WORK TASK
Would you print all of the entries exactly, please, but without their pictures?
•••
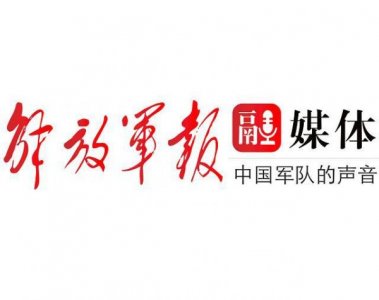 ​白酒铁血狼酒  铁血狼啸百度百科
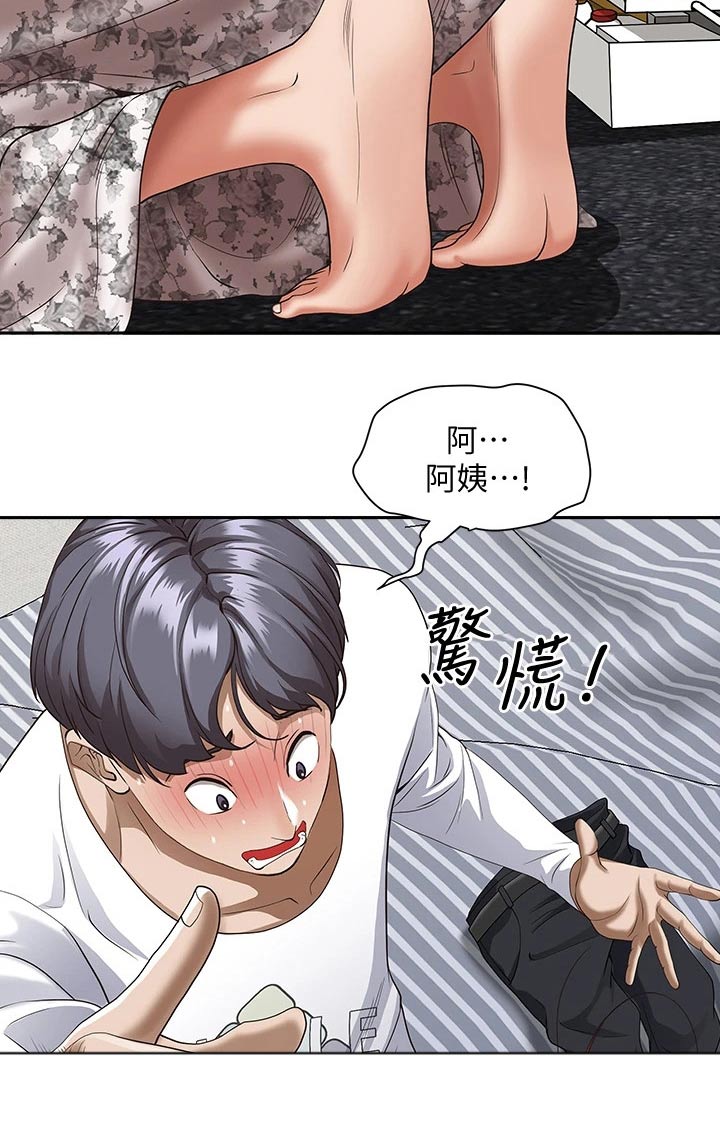 第25章：忍不住2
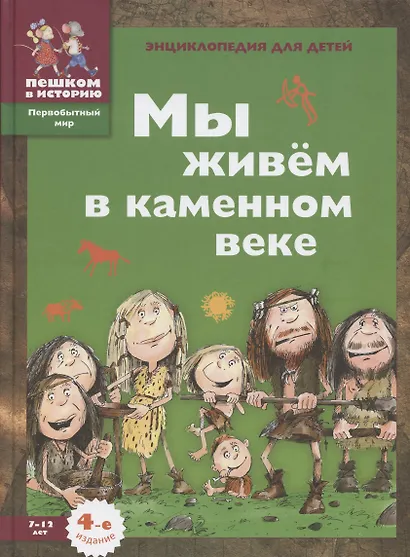 Мы живем в каменном веке: энциклопедия для детей - фото 2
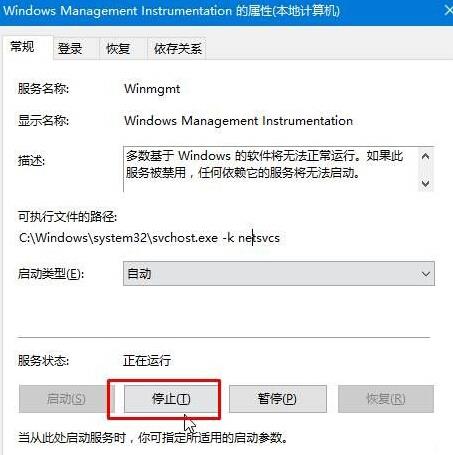 重装系统后出现dfrgfat.exe应用程序错误咋办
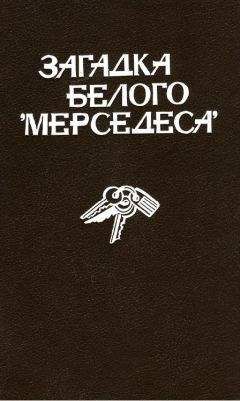 Росс Барнаби - Загадка белого «Мерседеса» [Сборник]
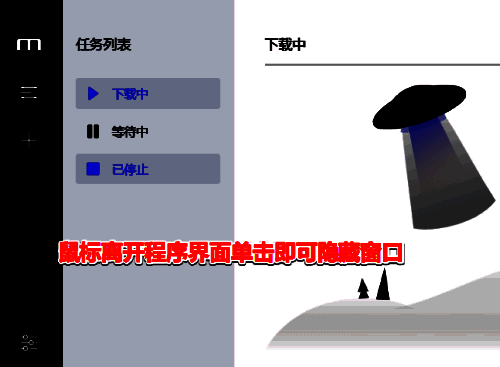 Motrix窗口已隐藏，系统托盘处显示其图标，便于快速调用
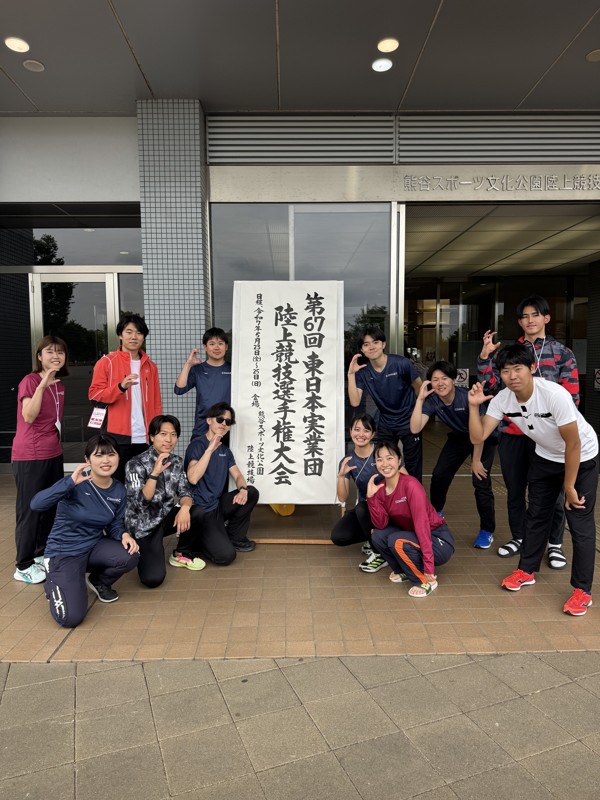 ★東日本実業団選手権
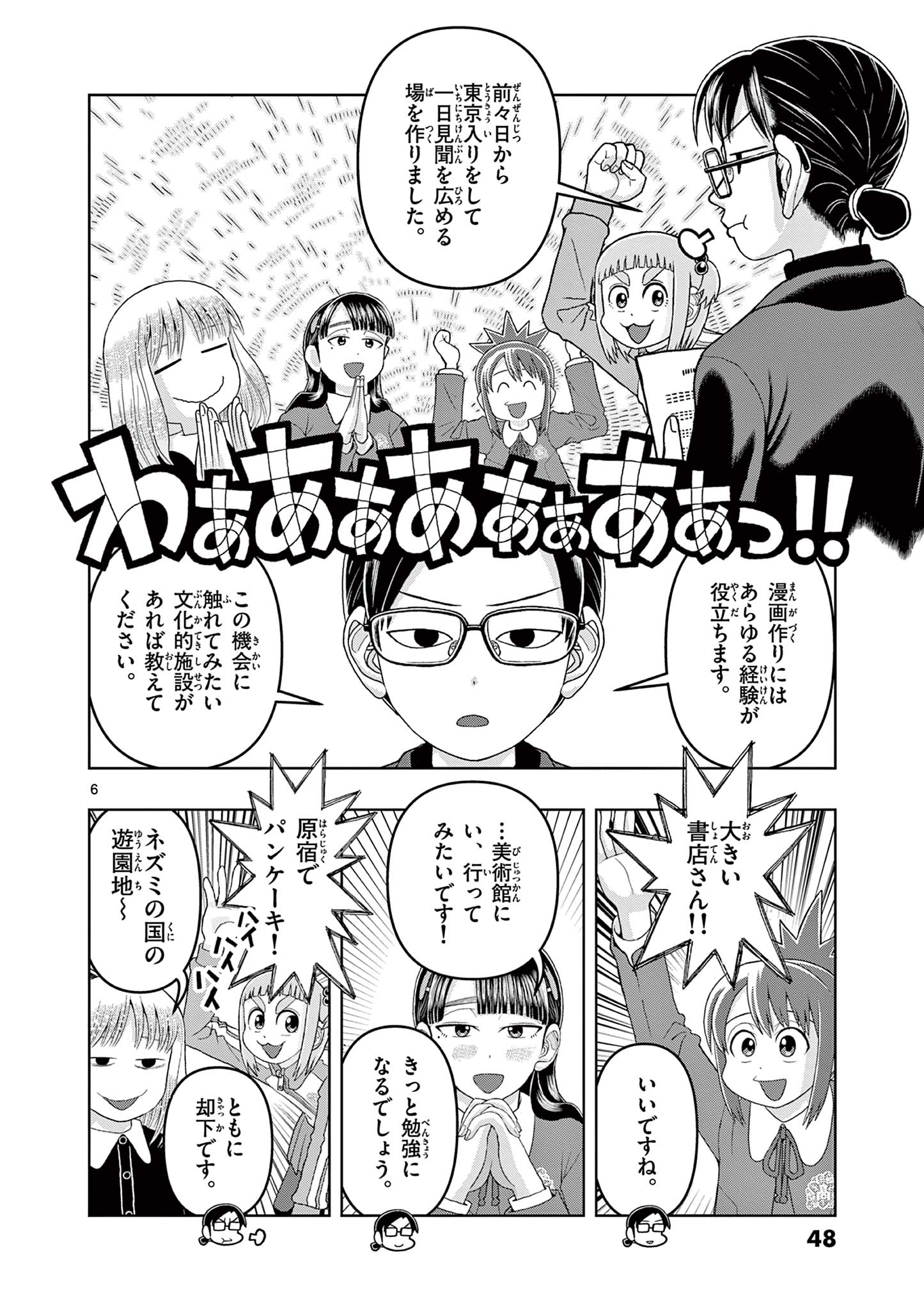 KORE EGAITE SHINE Chapter 16.1 page 6 - nihonkuni.com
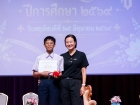 พิธีไหว้ครู ปีการศึกษา 2569 Image 622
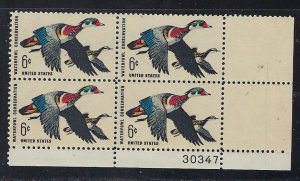 1362, Waterfowl, MNH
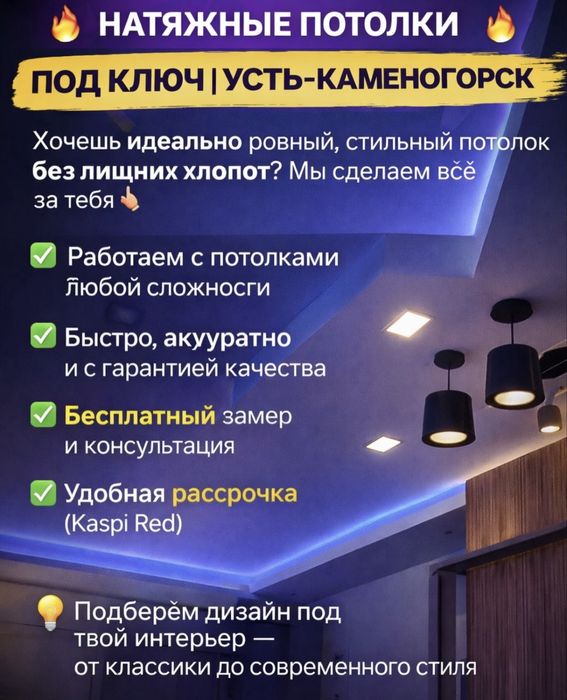 Натяжные потолки по выгдным ценам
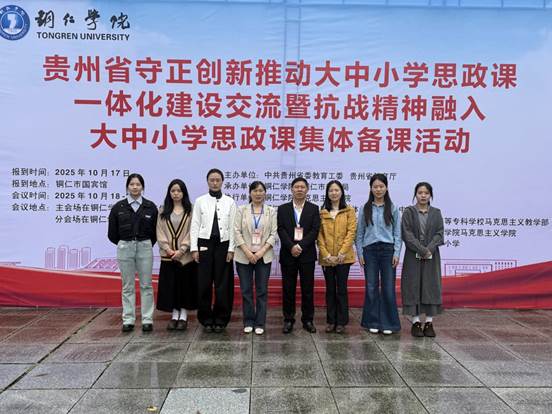 微信图片_20251021183425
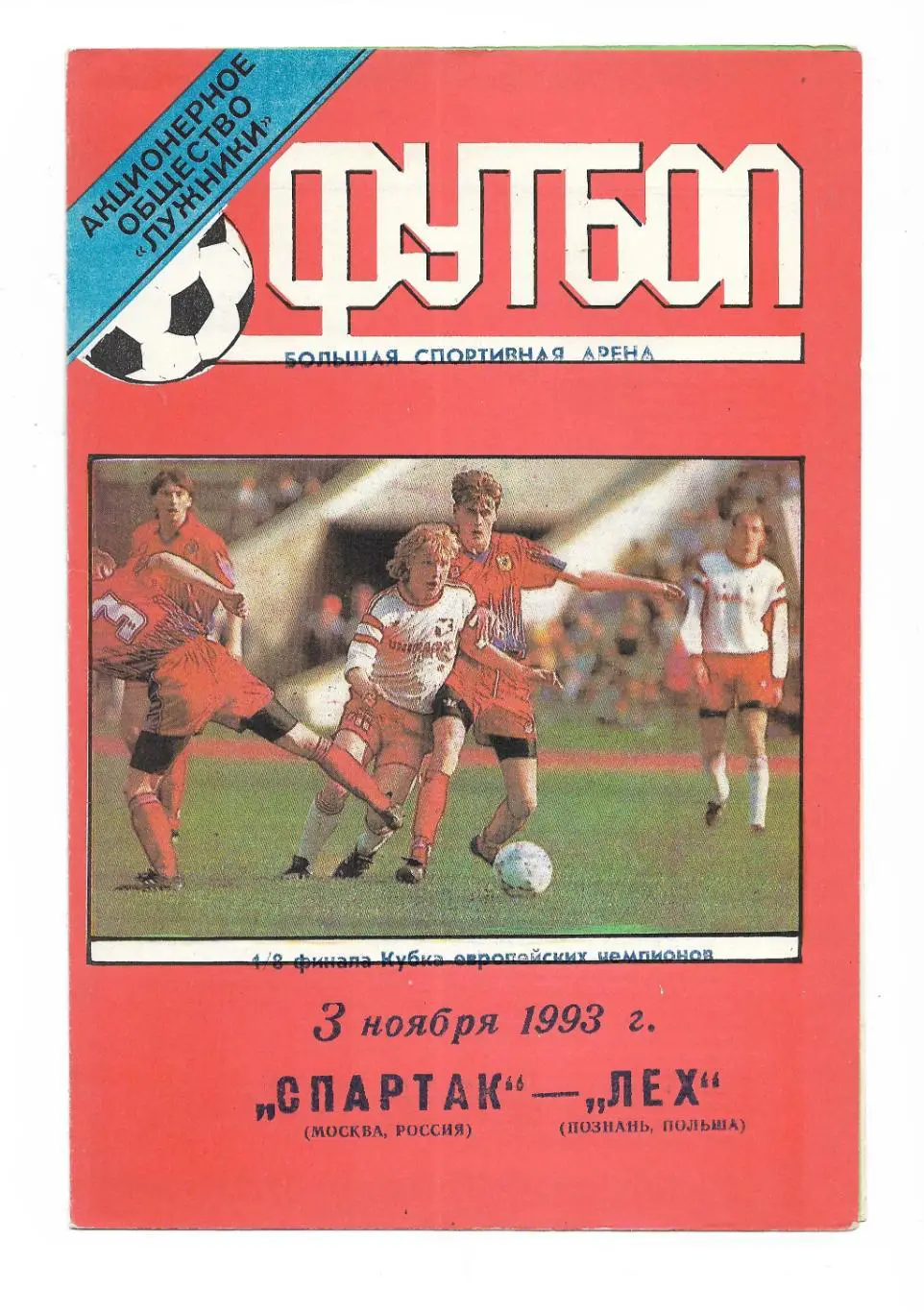 Спартак_Москва - Лех _Познань_1983 _УЕФА_стадион_к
•••
PROBLEM SOLUTION
 ​白酒铁血狼酒  铁血狼啸百度百科
 第25章：忍不住2
 Мы живем в каменном веке: энциклопедия для детей - фото 2
 重装系统后出现dfrgfat.exe应用程序错误咋办
 Росс Барнаби - Загадка белого «Мерседеса» [Сборник]
 Motrix窗口已隐藏，系统托盘处显示其图标，便于快速调用
 ★東日本実業団選手権
 KORE EGAITE SHINE Chapter 16.1 page 6 - nihonkuni.com
 พิธีไหว้ครู ปีการศึกษา 2569 Image 622
 1362, Waterfowl, MNH
 Натяжные потолки по выгдным ценам
 微信图片_20251021183425
 Спартак_Москва - Лех _Познань_1983 _УЕФА_стадион_к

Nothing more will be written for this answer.